I am fairly sure that of the few keepers of the lesser, man feed purely on insects without ill effect.


----------



## stubeanz (Mar 28, 2007)

ok thanks i shouldnt worry too much then, he did eat a lil bit of iams the other day but hasnt touched it since ive put it in again :bash:
any other keepers wat to input also anyone know of other species of tenrec in the uk?
stu


----------



## alphabet (Sep 10, 2008)

Dont feed them any insects.

Feed a low fat (10%) dry cat kibble with plenty of added water. Plenty of water means the dry biscuits swim in the food bowl. Use a hamster size bowl just cover the bottom of the bowl with kibble and add water around half filled.

Take away the usual water bowl, he will eventually eat the kibble, whilst drinking the water.

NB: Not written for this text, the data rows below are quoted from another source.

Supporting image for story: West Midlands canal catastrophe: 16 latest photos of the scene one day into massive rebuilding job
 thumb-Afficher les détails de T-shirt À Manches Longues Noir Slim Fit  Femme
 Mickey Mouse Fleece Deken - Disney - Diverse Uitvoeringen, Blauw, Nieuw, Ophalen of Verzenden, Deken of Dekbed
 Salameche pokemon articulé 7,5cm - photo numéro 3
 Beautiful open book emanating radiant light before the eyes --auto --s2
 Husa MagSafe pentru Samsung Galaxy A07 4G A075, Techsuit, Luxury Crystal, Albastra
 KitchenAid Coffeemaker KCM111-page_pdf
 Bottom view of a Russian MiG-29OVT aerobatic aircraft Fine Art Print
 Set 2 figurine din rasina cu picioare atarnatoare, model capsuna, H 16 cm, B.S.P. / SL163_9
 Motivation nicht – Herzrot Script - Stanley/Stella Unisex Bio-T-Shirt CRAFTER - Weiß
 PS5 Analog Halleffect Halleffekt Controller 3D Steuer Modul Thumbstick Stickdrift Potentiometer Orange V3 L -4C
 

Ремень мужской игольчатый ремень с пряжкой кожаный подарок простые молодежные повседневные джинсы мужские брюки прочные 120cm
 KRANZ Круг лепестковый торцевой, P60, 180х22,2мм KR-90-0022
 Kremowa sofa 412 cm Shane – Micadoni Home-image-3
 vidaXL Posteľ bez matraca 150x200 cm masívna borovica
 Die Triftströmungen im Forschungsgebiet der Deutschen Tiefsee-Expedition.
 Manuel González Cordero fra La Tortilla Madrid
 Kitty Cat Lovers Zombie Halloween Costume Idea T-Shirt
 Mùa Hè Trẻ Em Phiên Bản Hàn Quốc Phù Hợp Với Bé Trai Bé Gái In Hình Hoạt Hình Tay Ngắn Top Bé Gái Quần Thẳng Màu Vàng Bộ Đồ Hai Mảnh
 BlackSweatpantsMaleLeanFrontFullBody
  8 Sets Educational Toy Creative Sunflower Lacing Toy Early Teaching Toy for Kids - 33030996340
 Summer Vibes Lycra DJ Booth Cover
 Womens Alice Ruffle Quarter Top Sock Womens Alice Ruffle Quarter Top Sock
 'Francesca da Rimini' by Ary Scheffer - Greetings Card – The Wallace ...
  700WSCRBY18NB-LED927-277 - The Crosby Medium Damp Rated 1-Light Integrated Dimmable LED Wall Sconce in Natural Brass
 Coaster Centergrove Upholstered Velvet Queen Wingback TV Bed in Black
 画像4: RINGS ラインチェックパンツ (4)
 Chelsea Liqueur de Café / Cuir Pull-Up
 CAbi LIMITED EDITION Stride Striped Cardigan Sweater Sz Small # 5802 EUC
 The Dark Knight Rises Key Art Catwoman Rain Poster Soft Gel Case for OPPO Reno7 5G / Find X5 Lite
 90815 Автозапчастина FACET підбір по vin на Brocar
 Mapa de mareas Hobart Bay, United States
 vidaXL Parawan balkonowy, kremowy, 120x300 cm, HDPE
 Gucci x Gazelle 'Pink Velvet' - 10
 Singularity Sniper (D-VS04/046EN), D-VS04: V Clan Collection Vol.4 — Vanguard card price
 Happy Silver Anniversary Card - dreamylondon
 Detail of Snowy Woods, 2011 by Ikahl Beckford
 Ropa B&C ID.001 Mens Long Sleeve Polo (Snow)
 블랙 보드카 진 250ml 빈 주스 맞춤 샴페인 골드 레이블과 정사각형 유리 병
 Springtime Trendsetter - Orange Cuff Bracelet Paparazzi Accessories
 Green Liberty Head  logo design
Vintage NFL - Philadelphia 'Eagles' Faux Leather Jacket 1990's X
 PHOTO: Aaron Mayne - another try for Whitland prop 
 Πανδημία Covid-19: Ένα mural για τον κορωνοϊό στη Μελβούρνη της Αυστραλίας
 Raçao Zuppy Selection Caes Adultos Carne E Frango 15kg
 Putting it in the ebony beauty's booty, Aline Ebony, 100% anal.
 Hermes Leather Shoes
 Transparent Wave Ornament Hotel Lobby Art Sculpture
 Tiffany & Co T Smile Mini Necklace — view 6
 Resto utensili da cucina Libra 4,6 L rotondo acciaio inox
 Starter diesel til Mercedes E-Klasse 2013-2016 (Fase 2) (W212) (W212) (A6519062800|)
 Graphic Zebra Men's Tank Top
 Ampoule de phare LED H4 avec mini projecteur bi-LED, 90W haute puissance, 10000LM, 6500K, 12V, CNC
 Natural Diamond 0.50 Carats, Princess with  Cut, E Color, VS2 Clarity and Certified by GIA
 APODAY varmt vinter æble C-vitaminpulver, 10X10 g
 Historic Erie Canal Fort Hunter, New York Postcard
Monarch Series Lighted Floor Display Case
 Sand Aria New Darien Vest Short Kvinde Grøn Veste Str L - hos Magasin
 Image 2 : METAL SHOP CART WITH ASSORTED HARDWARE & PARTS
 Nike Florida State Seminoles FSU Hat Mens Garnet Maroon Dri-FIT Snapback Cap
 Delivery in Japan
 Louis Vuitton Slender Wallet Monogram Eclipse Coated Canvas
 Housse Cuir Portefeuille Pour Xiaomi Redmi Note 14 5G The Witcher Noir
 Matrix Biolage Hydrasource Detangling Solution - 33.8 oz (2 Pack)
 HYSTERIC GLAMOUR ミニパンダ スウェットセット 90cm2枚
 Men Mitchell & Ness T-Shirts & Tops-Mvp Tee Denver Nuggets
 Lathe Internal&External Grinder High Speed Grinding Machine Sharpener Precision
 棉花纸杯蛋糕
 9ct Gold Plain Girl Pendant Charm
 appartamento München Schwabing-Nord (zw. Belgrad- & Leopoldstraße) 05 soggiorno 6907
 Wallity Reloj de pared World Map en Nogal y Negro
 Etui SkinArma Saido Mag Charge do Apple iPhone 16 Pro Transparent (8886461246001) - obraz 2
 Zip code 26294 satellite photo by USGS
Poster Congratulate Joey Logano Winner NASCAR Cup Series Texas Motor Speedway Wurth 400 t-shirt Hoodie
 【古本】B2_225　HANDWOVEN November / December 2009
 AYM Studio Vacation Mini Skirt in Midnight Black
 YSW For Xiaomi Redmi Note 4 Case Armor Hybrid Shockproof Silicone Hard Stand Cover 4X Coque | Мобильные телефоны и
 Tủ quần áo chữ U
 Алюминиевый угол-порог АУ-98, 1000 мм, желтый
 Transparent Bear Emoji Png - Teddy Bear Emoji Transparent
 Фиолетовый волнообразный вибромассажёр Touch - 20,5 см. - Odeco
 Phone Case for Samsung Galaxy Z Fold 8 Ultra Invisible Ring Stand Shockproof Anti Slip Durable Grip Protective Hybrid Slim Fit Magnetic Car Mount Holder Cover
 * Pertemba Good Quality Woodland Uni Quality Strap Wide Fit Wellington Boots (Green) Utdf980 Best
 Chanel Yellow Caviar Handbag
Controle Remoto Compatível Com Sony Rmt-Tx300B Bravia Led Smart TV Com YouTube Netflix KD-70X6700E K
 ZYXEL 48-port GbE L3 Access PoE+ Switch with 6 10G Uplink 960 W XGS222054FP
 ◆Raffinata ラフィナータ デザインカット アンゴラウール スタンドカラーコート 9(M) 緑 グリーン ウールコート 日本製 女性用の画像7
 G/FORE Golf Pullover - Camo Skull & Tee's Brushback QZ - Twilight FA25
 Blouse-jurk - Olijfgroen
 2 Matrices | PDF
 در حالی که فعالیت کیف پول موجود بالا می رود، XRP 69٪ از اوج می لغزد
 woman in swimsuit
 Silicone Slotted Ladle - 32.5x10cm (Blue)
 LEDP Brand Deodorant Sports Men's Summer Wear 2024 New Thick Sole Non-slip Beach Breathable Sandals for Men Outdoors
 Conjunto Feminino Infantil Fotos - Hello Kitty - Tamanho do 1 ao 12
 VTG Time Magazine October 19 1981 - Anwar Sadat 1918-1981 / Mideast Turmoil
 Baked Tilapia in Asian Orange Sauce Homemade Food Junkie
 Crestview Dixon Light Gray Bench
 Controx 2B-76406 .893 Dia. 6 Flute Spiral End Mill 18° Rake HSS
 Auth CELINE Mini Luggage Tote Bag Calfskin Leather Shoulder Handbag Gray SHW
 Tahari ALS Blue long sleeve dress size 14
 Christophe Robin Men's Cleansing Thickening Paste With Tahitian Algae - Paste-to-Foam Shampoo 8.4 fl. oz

This method works a treat even though he may want to fast for a few days. Keep him warm good luck.


----------



## stubeanz (Mar 28, 2007)

ok thanks btw when you say dont feed insects do you mean just for now or never feed them insects? 
stu


----------



## ditta (Sep 18, 2006)

post pics! i wanna seeeeeee


----------



## Matt Lusty (Aug 20, 2008)

May I ask why you advise not to feed insects? They are insectivores. Insects make up a very high part of their diet. 

I used to keep them and always fed crickets and other inverts. Never had any problems with the 'wild' diet. I also fed them fruit, such as grapes banana, papaya, peach etc... I also advise trying them with fruit based yoghurt. Hard boiled egg and the odd pinky arealso a good added supplement.


----------



## stubeanz (Mar 28, 2007)

thats just what i was thinking, they are insectivores. il try some occasional egg and various fruits, thanks
stu


----------



## alphabet (Sep 10, 2008)

The problem with the "wild diet" Matt is that we cannot provide anywhere near a comparison to the animals natural foraging in diversity and nutrition. 

Cat kibble is a good way to get a nutritionally balanced diet into the tenrecs during the short active season. It provides all nutritional requirements from milk producing mothers to fast growing babies. Mothers teach their babies to eat it and variety/diversity can be added by changing flavours and brands. 

The problems with using other foods like egg is that its high in fat, not good for them and not nutritionally guaranteed. Tenrecs have a tendency to become hooked on favourite foods just like pet hedgehogs. When the window of full activity is so small I think its best to feed an optimum low fat diet with a guaranteed nutritional analysis at all times rather than give some foods that are not good for them.

I've bred tenrecs every year for the past five years with much success all insect free.

I know other breeders who do offer fruits such as banana but I choose not because of the reasons listed.


----------